Given material:
○ ○ ○
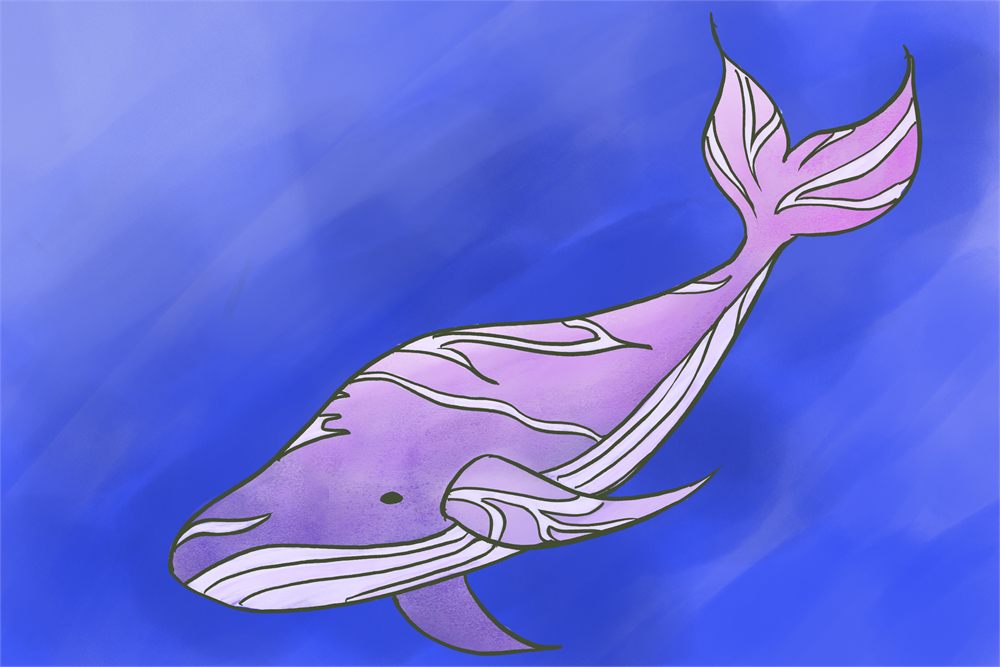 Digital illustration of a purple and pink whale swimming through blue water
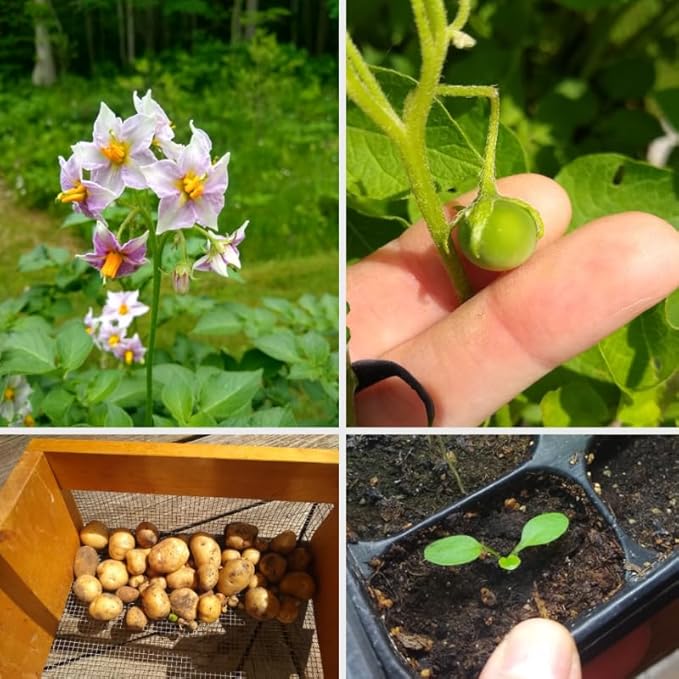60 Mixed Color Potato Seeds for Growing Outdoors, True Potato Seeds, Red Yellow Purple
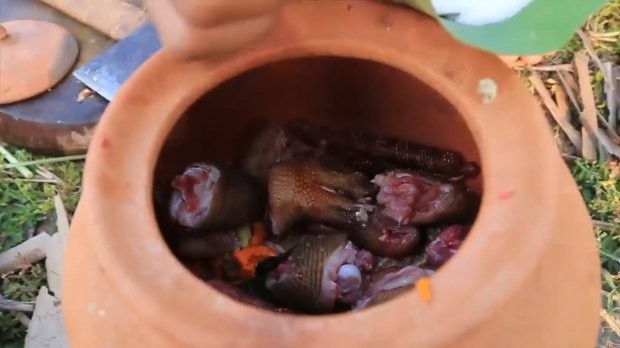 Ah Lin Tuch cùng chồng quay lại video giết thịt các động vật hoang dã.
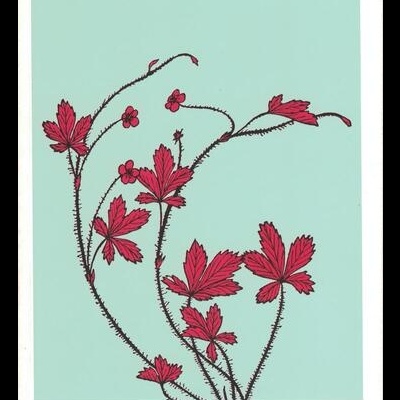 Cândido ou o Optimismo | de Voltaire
○ ○ ○
Task instructions: Leaving the pictures out, output the material exactly as it appears.

Exercise output:
 Digital illustration of a purple and pink whale swimming through blue water
60 Mixed Color Potato Seeds for Growing Outdoors, True Potato Seeds, Red Yellow Purple
 Ah Lin Tuch cùng chồng quay lại video giết thịt các động vật hoang dã.
 Cândido ou o Optimismo | de Voltaire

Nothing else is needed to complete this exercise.